DESCRIPTION OF THE TASK: Each entry should be transcribed exactly as written, and any picture left out.

┌─ INPUT DATA

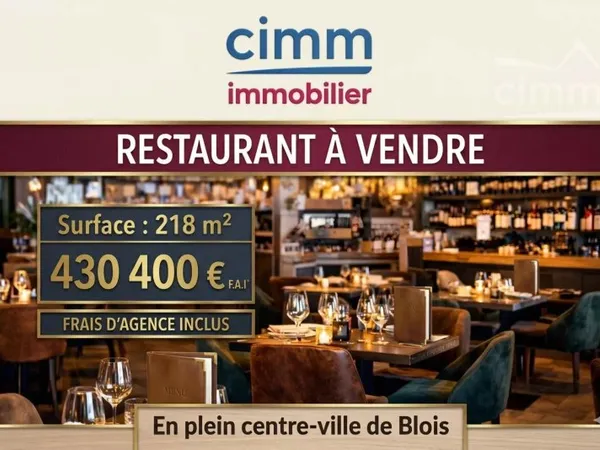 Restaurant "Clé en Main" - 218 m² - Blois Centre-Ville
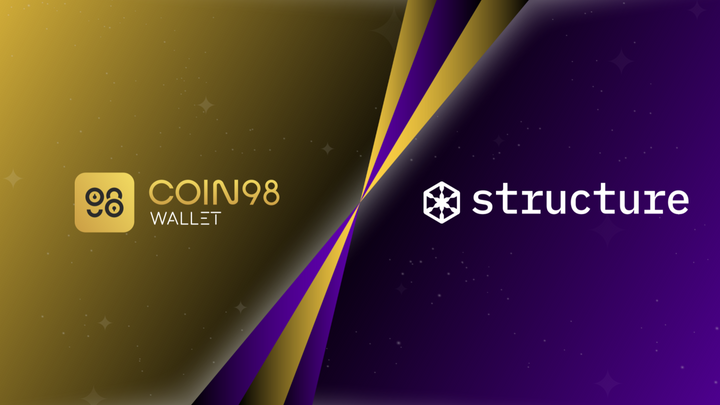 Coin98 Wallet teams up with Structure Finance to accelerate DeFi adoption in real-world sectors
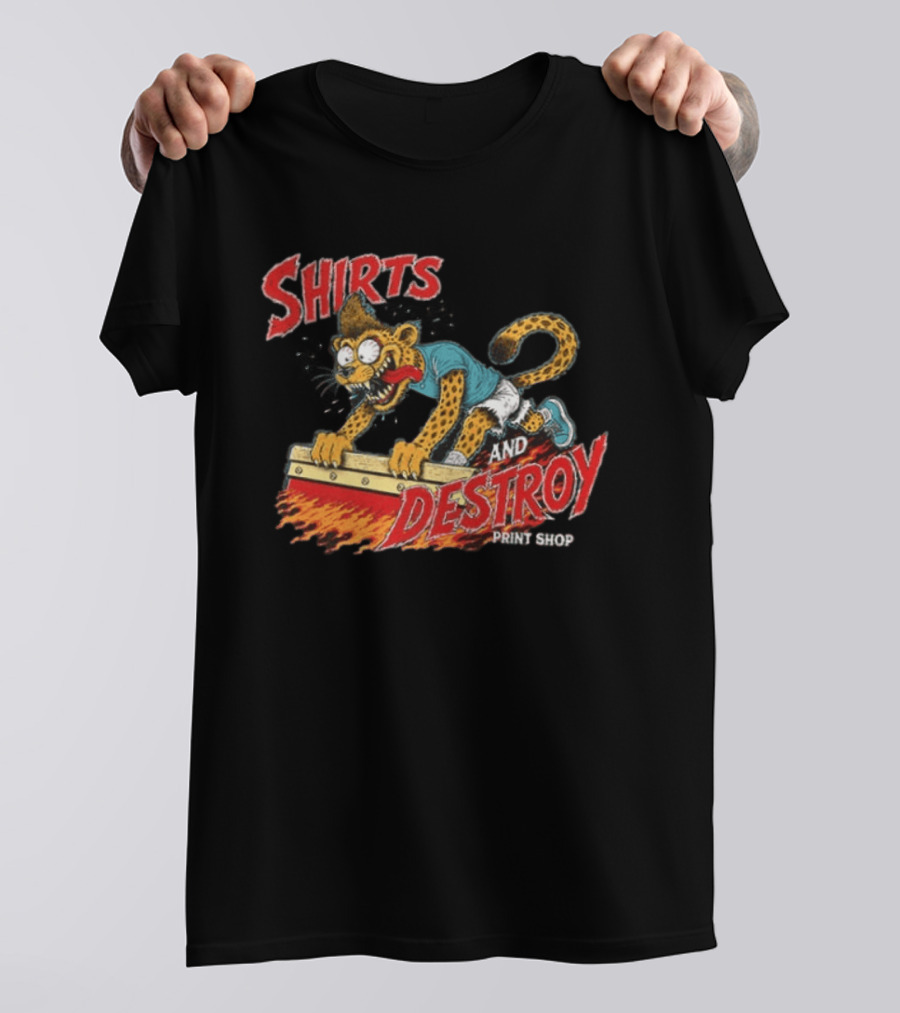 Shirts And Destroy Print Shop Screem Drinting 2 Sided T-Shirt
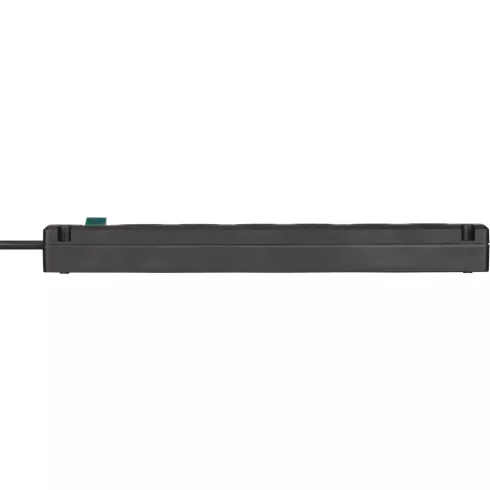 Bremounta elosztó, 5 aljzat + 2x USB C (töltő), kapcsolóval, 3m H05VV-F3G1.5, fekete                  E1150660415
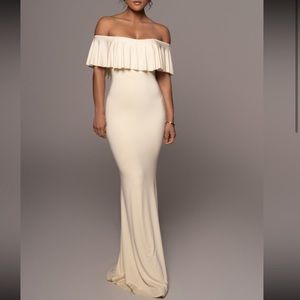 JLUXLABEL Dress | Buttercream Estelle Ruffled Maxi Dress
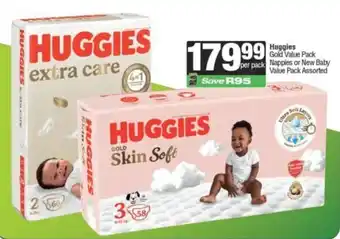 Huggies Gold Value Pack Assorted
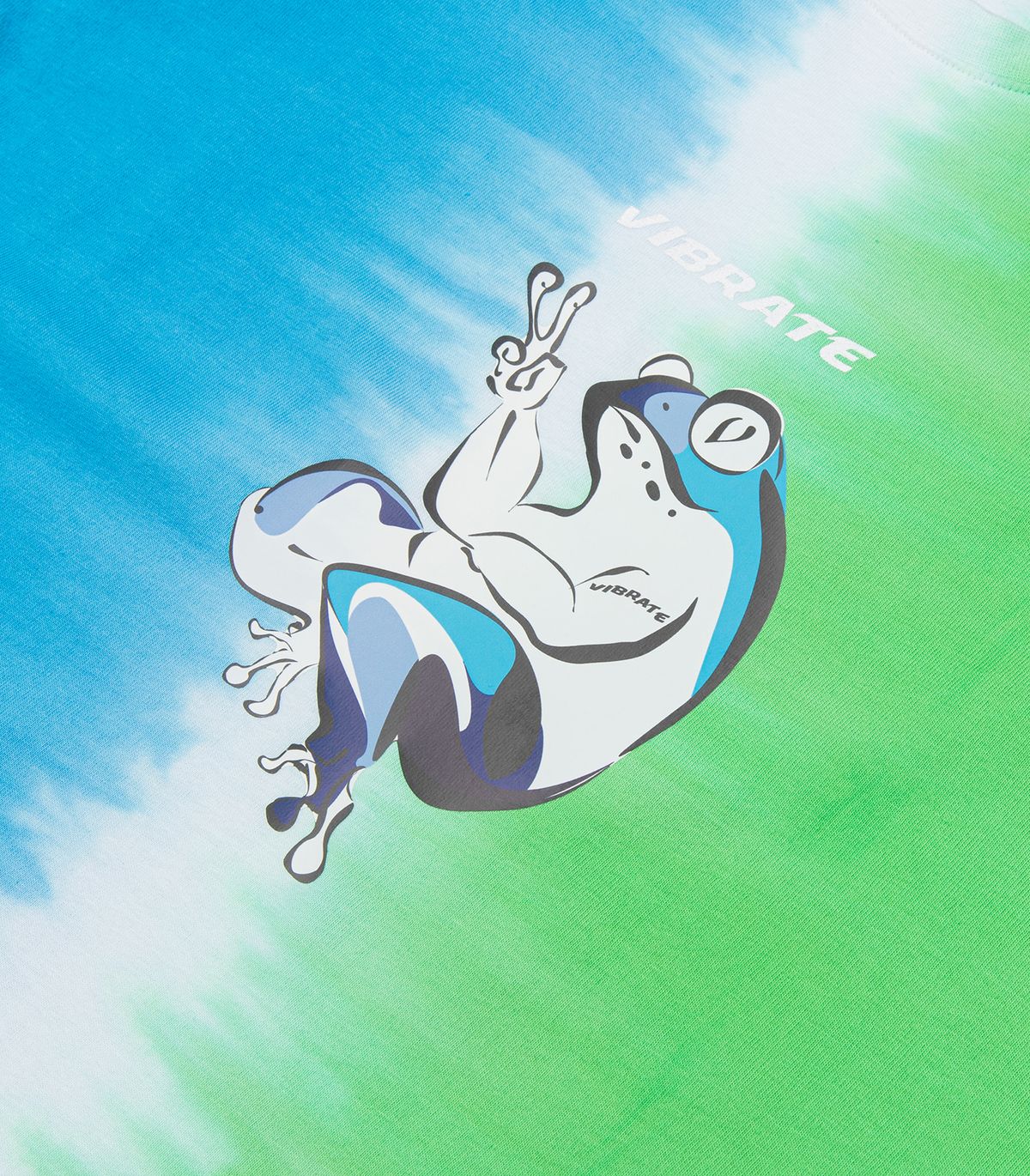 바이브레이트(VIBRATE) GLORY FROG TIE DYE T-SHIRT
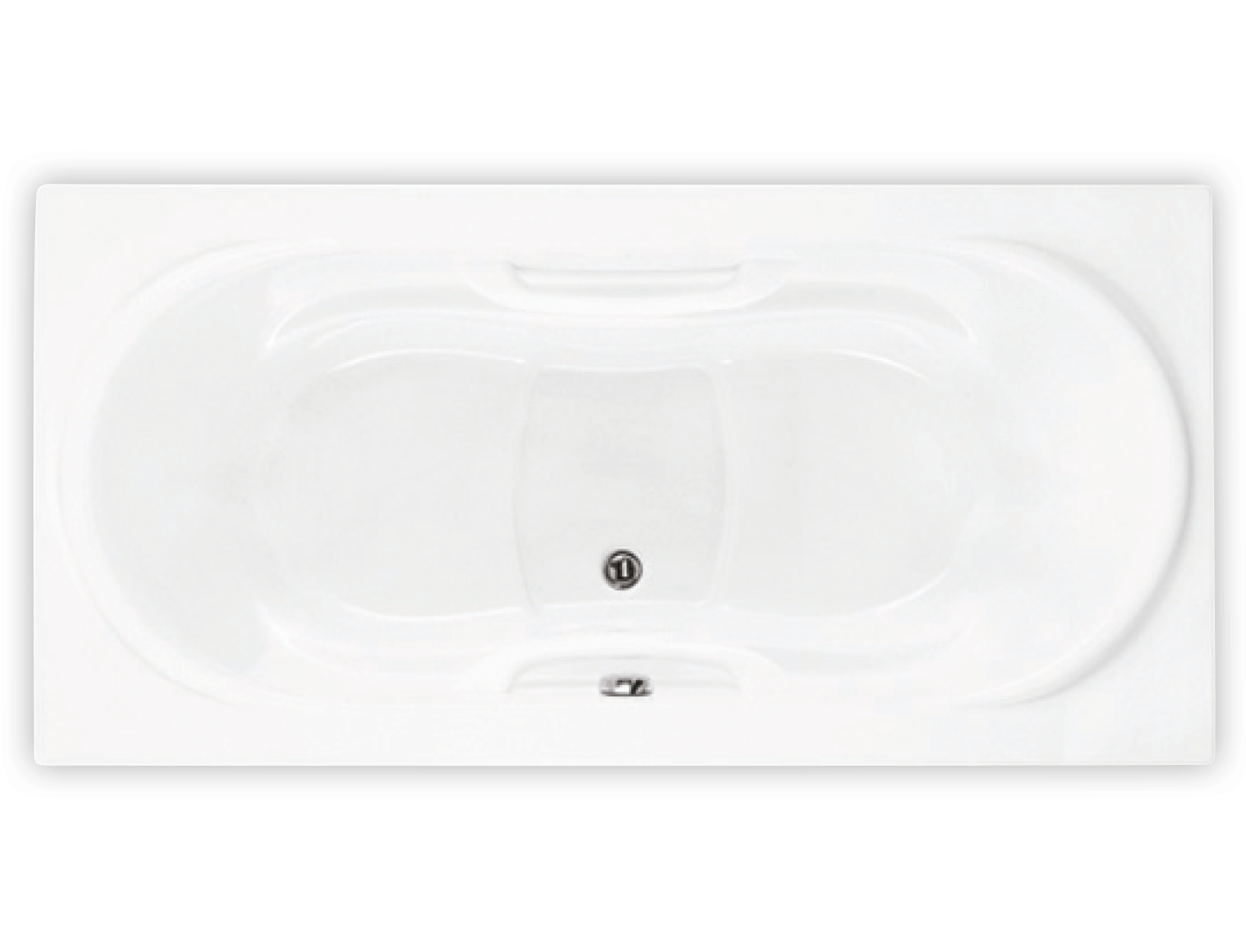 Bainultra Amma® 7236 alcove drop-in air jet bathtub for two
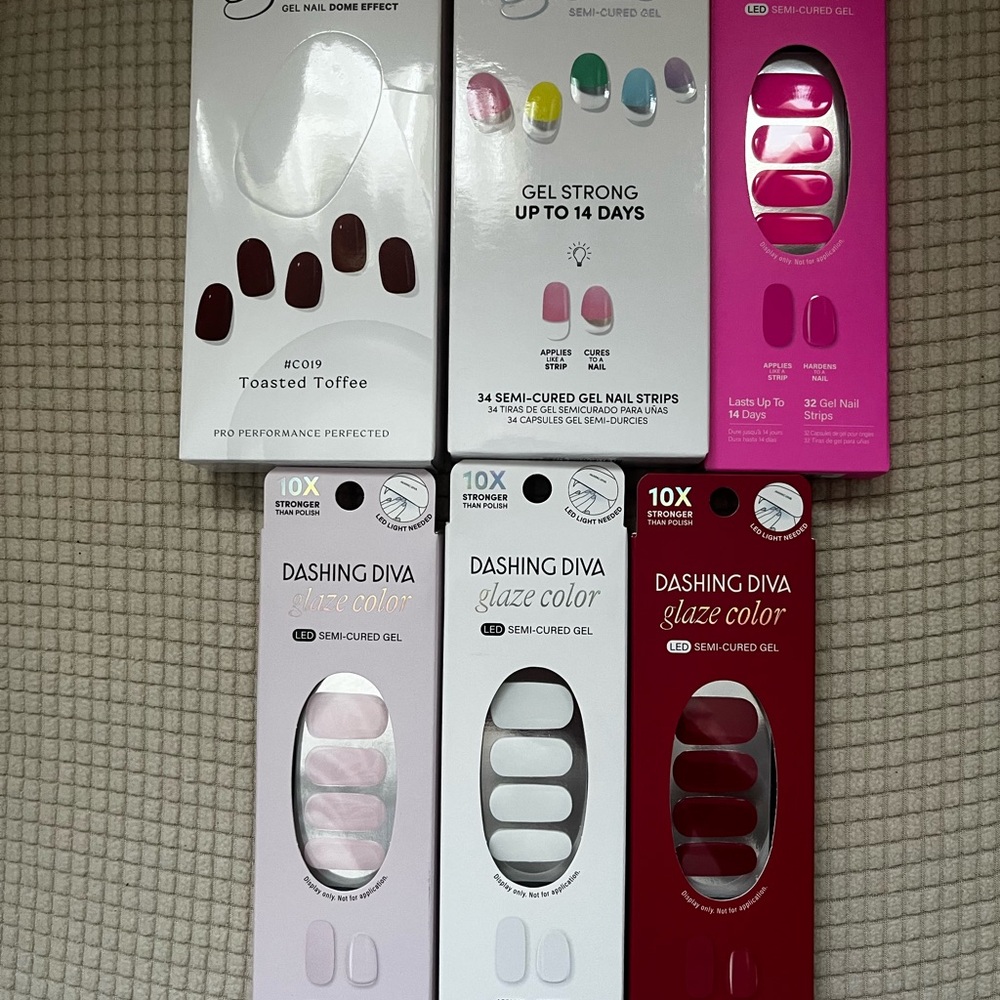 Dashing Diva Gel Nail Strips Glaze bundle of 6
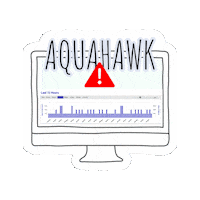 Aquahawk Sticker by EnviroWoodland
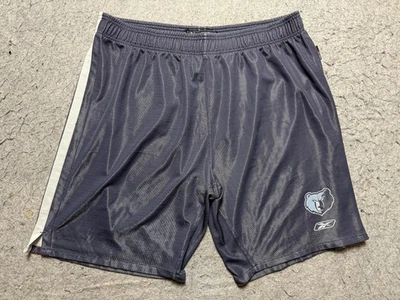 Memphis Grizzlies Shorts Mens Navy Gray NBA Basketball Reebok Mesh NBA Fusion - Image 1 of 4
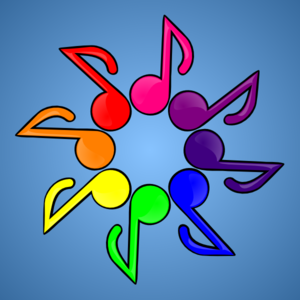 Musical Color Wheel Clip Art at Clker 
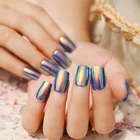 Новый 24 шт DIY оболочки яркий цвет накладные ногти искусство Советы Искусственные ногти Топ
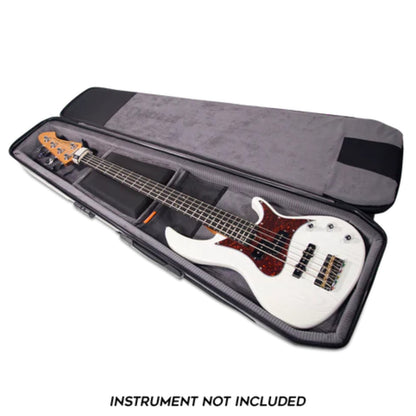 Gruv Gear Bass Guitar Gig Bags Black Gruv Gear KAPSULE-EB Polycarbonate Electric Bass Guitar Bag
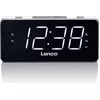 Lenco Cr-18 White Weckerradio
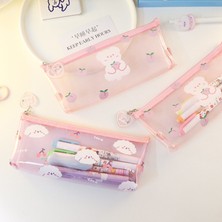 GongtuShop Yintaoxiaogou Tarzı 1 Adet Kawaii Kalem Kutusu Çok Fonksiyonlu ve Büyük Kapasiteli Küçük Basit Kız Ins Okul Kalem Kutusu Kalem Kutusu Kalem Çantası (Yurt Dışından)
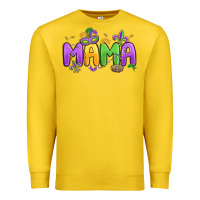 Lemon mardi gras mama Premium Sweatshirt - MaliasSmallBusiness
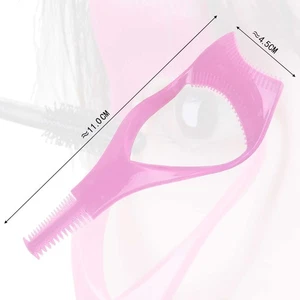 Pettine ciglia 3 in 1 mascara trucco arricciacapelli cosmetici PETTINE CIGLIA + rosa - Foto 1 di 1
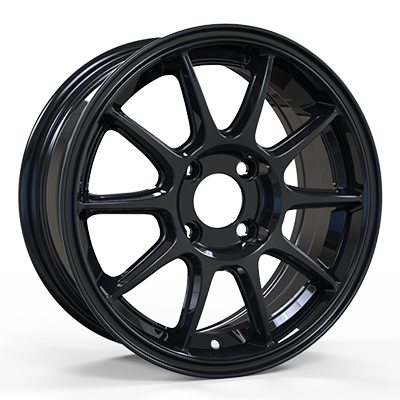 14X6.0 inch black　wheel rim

└─

SOLUTION BELOW:
 Restaurant "Clé en Main" - 218 m² - Blois Centre-Ville
 Coin98 Wallet teams up with Structure Finance to accelerate DeFi adoption in real-world sectors
 Shirts And Destroy Print Shop Screem Drinting 2 Sided T-Shirt
 Bremounta elosztó, 5 aljzat + 2x USB C (töltő), kapcsolóval, 3m H05VV-F3G1.5, fekete                  E1150660415
 JLUXLABEL Dress | Buttercream Estelle Ruffled Maxi Dress
 Huggies Gold Value Pack Assorted
 바이브레이트(VIBRATE) GLORY FROG TIE DYE T-SHIRT
 Bainultra Amma® 7236 alcove drop-in air jet bathtub for two
 Dashing Diva Gel Nail Strips Glaze bundle of 6
 Aquahawk Sticker by EnviroWoodland
 Memphis Grizzlies Shorts Mens Navy Gray NBA Basketball Reebok Mesh NBA Fusion - Image 1 of 4
 Musical Color Wheel Clip Art at Clker 
 Новый 24 шт DIY оболочки яркий цвет накладные ногти искусство Советы Искусственные ногти Топ
 Gruv Gear Bass Guitar Gig Bags Black Gruv Gear KAPSULE-EB Polycarbonate Electric Bass Guitar Bag
 Lenco Cr-18 White Weckerradio
 GongtuShop Yintaoxiaogou Tarzı 1 Adet Kawaii Kalem Kutusu Çok Fonksiyonlu ve Büyük Kapasiteli Küçük Basit Kız Ins Okul Kalem Kutusu Kalem Kutusu Kalem Çantası (Yurt Dışından)
 Lemon mardi gras mama Premium Sweatshirt - MaliasSmallBusiness
 Pettine ciglia 3 in 1 mascara trucco arricciacapelli cosmetici PETTINE CIGLIA + rosa - Foto 1 di 1
 14X6.0 inch black　wheel rim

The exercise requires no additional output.